The dry coffee grounds contain significant amounts of potassium (11.7 g/kg), nitrogen (2.8 g/kg), magnesium (1.9 g/kg), and phosphorus (1.8 g/kg).  The quantity of caffeine remaining in used coffee grounds is around 48% of that in fresh coffee grounds.  There are significantly less tannins in used coffee grounds than fresh coffee grounds.

Production
On average, 1 tonne of green coffee produces approximately 650 kg of spent coffee grounds, and over 15 million tonnes of spent coffee grounds are generated annually.  In keeping with a life cycle approach to sustainability, this large quantity of waste requires waste management plans. Due to the amount of spent coffee grounds generated and the chemical properties of spent coffee grounds, the usage of spent coffee grounds is avidly investigated.

Usage

In gardens

In gardens, coffee grounds may be used for composting or as a mulch as they are known to slowly release nitrogen into the soil. They are said to be especially appreciated by worms and acid-loving plants such as blueberries, although due to acids being leached from the grounds while in use, they typically have a neutral pH, and red wiggler growth and survival has been experimentally tested and found to be reduced in treatments using used coffee grounds as the primary feedstock for the worms.

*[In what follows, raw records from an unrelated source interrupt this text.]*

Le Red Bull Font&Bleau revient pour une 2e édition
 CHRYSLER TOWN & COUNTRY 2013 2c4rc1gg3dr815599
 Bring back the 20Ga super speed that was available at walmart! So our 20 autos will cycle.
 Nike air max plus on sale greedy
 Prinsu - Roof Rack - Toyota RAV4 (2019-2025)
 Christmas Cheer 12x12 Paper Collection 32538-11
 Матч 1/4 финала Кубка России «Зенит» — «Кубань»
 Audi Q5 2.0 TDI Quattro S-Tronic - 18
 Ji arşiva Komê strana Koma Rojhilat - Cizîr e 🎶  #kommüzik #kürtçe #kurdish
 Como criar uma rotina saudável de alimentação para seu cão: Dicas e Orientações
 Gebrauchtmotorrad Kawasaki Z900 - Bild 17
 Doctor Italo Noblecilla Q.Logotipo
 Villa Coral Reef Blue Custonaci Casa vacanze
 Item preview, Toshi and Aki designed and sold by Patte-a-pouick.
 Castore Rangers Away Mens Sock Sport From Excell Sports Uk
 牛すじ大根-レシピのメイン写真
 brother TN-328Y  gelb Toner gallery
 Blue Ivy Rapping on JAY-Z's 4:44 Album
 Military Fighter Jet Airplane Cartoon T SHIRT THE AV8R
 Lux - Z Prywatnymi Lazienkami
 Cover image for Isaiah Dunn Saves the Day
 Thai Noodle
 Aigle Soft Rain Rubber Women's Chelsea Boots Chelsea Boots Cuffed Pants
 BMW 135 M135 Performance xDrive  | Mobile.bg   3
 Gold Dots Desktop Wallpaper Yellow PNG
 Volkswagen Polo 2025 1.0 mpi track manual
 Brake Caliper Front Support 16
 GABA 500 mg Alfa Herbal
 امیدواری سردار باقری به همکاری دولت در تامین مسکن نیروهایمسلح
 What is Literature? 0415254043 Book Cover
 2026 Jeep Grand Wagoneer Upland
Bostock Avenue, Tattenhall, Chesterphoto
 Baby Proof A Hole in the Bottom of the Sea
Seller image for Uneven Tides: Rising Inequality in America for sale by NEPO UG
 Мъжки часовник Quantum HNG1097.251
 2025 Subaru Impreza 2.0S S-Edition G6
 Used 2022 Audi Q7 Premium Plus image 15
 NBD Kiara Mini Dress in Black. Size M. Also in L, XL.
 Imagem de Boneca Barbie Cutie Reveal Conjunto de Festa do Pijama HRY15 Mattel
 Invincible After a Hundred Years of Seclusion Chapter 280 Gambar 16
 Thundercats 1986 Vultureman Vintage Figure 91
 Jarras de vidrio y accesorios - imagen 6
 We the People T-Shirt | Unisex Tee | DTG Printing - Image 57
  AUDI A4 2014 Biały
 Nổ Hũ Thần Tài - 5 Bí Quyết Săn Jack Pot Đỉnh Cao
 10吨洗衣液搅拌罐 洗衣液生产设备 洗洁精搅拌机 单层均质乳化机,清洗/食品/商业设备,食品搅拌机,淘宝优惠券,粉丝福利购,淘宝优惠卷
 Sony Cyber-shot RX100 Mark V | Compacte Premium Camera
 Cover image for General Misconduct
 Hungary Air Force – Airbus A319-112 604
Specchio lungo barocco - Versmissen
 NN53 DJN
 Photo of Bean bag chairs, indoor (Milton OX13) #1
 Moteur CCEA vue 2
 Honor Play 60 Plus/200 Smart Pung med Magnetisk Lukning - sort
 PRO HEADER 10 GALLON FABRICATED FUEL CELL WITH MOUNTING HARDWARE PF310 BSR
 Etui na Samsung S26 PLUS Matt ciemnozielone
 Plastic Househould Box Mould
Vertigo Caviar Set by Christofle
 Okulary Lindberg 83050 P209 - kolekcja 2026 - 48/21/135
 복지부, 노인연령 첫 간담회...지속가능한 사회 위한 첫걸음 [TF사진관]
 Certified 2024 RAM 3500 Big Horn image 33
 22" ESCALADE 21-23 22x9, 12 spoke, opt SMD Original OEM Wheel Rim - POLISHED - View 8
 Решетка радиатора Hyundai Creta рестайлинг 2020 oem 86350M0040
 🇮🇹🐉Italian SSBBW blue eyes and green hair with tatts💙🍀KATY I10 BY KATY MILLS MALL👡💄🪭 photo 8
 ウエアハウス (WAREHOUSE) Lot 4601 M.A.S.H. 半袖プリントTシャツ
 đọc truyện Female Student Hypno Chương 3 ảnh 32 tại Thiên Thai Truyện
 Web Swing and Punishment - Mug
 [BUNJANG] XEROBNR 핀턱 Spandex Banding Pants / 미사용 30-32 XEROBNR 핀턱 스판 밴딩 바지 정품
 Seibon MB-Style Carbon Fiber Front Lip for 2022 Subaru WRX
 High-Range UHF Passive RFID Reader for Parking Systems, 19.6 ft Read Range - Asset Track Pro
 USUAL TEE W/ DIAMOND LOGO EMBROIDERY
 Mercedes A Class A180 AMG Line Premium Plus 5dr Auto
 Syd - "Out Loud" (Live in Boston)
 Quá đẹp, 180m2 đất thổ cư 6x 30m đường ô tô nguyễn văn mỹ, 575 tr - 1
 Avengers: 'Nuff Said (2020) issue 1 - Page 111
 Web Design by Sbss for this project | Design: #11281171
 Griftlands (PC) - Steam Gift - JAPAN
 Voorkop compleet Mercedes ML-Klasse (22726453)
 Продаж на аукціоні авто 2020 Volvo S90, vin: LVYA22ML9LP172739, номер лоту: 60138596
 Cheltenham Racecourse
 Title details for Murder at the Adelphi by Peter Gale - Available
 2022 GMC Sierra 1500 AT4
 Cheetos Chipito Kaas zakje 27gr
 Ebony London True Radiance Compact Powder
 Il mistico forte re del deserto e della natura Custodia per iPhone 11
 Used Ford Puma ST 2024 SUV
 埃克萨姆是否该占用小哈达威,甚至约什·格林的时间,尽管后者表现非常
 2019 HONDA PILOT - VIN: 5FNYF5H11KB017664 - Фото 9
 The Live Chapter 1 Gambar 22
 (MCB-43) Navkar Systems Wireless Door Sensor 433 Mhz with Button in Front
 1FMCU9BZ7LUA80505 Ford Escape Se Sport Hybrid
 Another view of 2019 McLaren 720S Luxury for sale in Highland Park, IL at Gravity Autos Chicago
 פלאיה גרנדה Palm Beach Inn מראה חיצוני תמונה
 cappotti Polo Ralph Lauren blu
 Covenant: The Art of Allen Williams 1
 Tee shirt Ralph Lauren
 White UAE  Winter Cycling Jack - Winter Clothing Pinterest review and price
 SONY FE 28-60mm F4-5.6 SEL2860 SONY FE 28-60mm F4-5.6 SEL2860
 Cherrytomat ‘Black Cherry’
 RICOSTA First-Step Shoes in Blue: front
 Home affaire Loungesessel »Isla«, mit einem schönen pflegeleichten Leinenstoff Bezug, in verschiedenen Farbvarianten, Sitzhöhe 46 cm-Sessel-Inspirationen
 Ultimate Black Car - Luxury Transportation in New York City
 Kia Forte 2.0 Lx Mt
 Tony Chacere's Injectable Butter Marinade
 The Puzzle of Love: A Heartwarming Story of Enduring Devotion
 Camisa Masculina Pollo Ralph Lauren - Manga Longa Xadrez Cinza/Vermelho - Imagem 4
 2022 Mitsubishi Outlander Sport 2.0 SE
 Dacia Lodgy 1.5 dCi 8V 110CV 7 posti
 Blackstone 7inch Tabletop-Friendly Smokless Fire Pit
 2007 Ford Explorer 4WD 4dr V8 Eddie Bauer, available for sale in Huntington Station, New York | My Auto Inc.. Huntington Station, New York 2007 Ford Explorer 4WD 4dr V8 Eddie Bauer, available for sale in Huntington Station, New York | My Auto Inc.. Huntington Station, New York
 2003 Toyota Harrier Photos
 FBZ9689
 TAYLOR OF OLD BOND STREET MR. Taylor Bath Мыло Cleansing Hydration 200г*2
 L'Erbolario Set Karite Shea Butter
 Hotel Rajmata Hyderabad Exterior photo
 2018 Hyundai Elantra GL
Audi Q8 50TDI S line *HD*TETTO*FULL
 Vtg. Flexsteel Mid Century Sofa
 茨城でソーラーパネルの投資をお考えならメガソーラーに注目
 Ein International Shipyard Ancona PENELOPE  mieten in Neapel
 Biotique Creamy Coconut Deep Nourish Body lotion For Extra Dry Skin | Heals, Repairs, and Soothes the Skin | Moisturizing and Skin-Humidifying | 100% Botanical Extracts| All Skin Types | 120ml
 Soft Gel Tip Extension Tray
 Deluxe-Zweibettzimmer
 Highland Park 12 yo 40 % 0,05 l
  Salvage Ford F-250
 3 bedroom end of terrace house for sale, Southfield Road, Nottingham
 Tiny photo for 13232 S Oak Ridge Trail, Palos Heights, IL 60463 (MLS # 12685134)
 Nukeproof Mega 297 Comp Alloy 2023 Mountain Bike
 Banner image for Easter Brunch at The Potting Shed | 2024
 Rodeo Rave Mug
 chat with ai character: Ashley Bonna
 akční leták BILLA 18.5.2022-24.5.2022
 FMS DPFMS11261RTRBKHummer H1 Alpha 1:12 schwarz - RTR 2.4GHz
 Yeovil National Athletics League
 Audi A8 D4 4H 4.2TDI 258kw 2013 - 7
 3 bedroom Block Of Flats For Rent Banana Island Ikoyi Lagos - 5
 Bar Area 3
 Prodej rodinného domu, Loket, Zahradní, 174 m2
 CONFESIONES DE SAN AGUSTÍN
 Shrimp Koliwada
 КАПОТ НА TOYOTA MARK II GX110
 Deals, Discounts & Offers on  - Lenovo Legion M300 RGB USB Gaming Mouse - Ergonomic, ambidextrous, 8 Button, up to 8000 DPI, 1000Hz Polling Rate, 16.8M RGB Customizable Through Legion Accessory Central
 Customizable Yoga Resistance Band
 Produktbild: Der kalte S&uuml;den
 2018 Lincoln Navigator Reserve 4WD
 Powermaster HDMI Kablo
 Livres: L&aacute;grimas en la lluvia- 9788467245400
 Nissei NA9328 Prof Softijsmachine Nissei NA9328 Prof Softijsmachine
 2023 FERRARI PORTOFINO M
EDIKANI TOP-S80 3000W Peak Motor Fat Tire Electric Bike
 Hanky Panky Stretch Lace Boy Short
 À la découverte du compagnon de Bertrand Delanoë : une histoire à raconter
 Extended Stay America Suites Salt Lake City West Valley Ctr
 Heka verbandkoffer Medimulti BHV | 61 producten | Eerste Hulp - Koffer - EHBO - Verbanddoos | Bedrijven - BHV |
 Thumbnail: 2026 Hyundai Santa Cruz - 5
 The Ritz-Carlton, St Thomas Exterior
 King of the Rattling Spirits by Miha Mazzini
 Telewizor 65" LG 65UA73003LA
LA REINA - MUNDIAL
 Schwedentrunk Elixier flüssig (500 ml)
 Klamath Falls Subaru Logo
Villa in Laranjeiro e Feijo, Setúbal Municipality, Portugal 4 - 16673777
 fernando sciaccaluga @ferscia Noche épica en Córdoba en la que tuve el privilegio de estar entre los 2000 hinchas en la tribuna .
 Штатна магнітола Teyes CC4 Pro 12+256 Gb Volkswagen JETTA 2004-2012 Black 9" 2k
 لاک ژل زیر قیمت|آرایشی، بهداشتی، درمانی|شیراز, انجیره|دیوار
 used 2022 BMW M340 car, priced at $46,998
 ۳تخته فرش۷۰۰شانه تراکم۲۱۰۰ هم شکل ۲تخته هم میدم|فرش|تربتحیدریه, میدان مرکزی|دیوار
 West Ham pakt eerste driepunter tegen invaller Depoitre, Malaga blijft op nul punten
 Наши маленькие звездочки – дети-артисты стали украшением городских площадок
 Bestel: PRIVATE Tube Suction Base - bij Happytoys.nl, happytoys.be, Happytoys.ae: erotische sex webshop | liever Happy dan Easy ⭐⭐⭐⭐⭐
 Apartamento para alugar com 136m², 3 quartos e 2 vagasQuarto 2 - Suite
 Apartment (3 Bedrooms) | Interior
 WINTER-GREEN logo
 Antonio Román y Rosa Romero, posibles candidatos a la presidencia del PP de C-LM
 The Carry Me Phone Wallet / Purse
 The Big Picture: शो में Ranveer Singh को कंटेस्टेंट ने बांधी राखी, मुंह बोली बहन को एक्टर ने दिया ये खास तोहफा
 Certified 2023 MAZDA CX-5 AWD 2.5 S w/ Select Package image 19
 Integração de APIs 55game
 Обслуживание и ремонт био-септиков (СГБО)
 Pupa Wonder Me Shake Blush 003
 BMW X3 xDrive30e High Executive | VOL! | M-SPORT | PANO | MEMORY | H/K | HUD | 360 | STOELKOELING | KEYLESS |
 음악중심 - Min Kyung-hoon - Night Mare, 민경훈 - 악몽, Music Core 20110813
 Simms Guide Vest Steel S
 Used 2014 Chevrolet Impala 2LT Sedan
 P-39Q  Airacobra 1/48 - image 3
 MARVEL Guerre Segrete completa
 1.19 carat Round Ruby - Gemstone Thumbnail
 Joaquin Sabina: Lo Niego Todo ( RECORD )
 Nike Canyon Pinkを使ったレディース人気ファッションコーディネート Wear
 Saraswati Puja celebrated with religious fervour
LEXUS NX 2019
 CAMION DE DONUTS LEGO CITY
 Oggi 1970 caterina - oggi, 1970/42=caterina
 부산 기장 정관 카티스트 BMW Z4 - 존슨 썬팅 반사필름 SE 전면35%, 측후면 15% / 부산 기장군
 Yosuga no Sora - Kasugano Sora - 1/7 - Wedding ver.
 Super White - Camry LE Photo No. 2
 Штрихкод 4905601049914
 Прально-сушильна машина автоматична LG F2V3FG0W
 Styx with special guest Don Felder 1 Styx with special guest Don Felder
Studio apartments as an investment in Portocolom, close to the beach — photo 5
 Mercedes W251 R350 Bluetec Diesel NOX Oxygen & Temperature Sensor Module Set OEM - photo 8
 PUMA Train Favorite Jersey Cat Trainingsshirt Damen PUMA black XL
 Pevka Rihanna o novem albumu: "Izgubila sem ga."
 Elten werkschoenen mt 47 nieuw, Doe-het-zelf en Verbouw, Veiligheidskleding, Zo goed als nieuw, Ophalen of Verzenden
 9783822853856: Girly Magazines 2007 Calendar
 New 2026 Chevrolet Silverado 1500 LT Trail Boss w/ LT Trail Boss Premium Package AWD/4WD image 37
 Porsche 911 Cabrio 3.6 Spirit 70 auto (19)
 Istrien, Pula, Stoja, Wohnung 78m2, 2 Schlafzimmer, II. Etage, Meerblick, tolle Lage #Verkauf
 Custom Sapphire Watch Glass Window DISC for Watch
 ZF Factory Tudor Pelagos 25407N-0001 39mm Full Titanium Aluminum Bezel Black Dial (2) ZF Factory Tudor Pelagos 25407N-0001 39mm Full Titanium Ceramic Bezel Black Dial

Used coffee grounds are particularly noted as a soil amendment. Spent coffee grounds have phytotoxic properties which can be reduced through composting.  Gardeners have reported the use of used coffee grounds as a borer, slug and snail repellent, but this has not yet been scientifically tested. Some commercial coffee shops run initiatives to prevent the grounds from going to waste, including Starbucks' "Grounds for your Garden" project, and community sponsored initiatives exist, such as "Ground to Ground"  or the 'Green Coffee Shop Scheme' in Cambridgeshire, UK.

Use in fortune telling 

In divination and fortune-telling the patterns of coffee grounds are used for predictions.

Other uses

Initiatives have succeeded using coffee grounds as a substrate for the cultivation of mushrooms (including oyster mushrooms).  The use of spent coffee grounds in this application has the advantage of the used coffee grounds needing no pre-treatment to be usable as a mushroom substrate. Used coffee grounds have other homemade uses in wood staining, air fresheners, and body soap scrubs. They may also be used industrially in biogas production or to treat wastewater. Bioethanol may also be produced from the sugar content of spent coffee grounds, after it is defatted as a pre-treatment, it is typically hydrolysed by dilute acid.  In 2021, Gloucestershire-based football club Forest Green Rovers trialled a kit made from 35% used coffee grounds combined with recycled plastic.

It is not recommended to burn dried used coffee grounds, as they give off hazardous nitrogen oxides when burnt.

It has been proposed to use spent coffee grounds to feed ruminants, pigs, chickens and rabbits, but the high lignin content makes this an undesirable use.

Dried used coffee grounds were recommended to fill pincushions.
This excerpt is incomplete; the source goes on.